Date of the building
The exact date of the building or who erected it is unknown. Several
writers have inferred from the history of its ownership that it was built
by Clement Sisley, who held the property in 1557, and in whose family
it remained until about 1607. "There is a tradition," says Black, (fn. 1)
"of the date 1572 having been cut in brickwork in some part of the
hall, destroyed many years ago by a person who dwelt there," and he
adds that in Philip Luckmore's "Tablet of Memories" (fn. 2) is "Eastbury
House, Essex, built 1572." In Grose's "Antiquities"—the edition the
preface of which is dated 1787—we are told there was a date 1573 on
a leaden spout on the south side of the house, and this, together with
the date in the hall, has been referred to by subsequent writers.
A part from this date, which if confirmed would not necessarily be the
date of the house, the building itself gives very little evidence of belonging to the Elizabethan period. It is true that the symmetrical disposition of the plan in the form of the letter H and the regular grouping
of the gables show the influence of the Renaissance and give a character
in keeping with the domestic architecture of Elizabeth's reign. On the
other hand, there is a striking absence of Renaissance details. The finials
to the gables, the moulded chimney-stacks, the traceried pediment
over the porch, and the stone chimney-pieces, all show late Gothic or
Tudor forms. The two circular newel stairs suggest a date earlier than
the introduction of the square Elizabethan staircases; and the arrangement of the hall is, of course, not inconsistent with its late mediæval
appearance. In the absence of any documentary evidence it is perhaps
enough to say that the house may possibly have been built before the
dissolution of Barking Abbey, and that, if it should prove to have been
the work of an owner after the Reformation, it shows an unusual conservatism and devotion to traditional features.

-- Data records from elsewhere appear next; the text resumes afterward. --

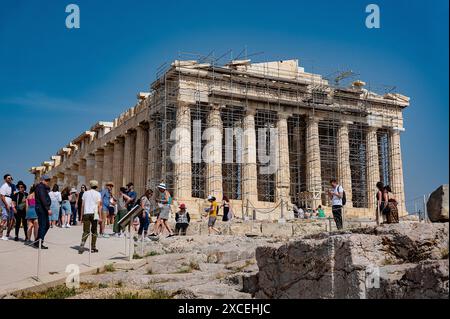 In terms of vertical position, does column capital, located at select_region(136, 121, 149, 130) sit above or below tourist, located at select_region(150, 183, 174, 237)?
above

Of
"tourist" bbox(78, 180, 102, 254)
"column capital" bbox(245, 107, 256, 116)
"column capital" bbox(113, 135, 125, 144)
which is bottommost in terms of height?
"tourist" bbox(78, 180, 102, 254)

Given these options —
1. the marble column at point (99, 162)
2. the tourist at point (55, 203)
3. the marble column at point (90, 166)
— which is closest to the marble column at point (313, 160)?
the marble column at point (99, 162)

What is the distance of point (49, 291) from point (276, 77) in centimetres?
2587

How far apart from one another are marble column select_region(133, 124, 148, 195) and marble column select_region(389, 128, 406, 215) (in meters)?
14.8

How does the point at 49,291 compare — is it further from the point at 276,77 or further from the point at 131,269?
the point at 276,77

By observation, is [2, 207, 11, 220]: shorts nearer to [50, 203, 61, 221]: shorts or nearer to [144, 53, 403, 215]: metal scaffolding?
[50, 203, 61, 221]: shorts

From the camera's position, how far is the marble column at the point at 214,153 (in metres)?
31.6

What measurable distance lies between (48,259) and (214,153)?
20.1 m

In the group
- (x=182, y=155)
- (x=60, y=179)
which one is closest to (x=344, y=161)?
(x=182, y=155)

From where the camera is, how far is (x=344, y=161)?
3594cm

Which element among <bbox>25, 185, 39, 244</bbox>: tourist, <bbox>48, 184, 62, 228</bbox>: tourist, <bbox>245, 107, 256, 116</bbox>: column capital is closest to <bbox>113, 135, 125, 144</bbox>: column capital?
<bbox>245, 107, 256, 116</bbox>: column capital

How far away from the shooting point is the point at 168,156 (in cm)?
3231

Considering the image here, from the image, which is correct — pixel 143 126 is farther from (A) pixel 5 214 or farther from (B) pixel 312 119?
(A) pixel 5 214

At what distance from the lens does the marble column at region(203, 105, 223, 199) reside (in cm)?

After these introductory remarks we can proceed to a description of
the various parts of the building. Its plan (Plate 3) has already been
referred to as in form like the letter H, the main block lying east and
west and comprising the hall and rooms above, the two wings projecting slightly forwards to the north, and with greater depth to the south,
where an enclosed courtyard is formed by the building on three sides
and a high wall on the fourth. There are three storeys with a cellar
under the west wing. On the north side a square three-storeyed porch
adjoins the west wing, and two lofty staircase turrets, roughly octagonal
without and circular within, are attached to the hall in the angles of
the courtyard. There are three fine brick chimney-stacks in the courtyard and others rise from the roofs, having well-designed, moulded
set-offs and grouped octagonal shafts with moulded caps and bases.
Plan by P. J. Marvin.
The walls are built of red brick in English bond and are of fine material
and workmanship. Moulded bricks are used in the plinth, the jambs,
mullions, transoms, and labels of the windows, the gables, the entrance
porch, and the corbels and shafts of the chimney-stacks. The eastern
stair turret—the only considerable feature of the house which has been
demolished (fn. 3) —still shows a fine handrail of moulded brick cut in the
remaining wall. A diagonal arrangement of bricks with dark headers
is to be seen externally, and this, together with the size of the bricks
(10 ins. by 4½ ins. by 2½ ins.), agrees with the brickwork to be found in
Essex in the early part of the sixteenth century. Another local feature is
the cement covering to the brick windows, worked to represent quoins
on either side (and to the stairturrets), which conforms with a practice
now recognised as having been widely in vogue in this county. The
roofs are tiled.
From a drawing in the Bodleian Library.
The majority of the windows on all floors are of six lights, three above
and three below the transom, which is of brick, hollow-chamfered on
both sides, as are also the jambs and mullions. The north front (Plate 6)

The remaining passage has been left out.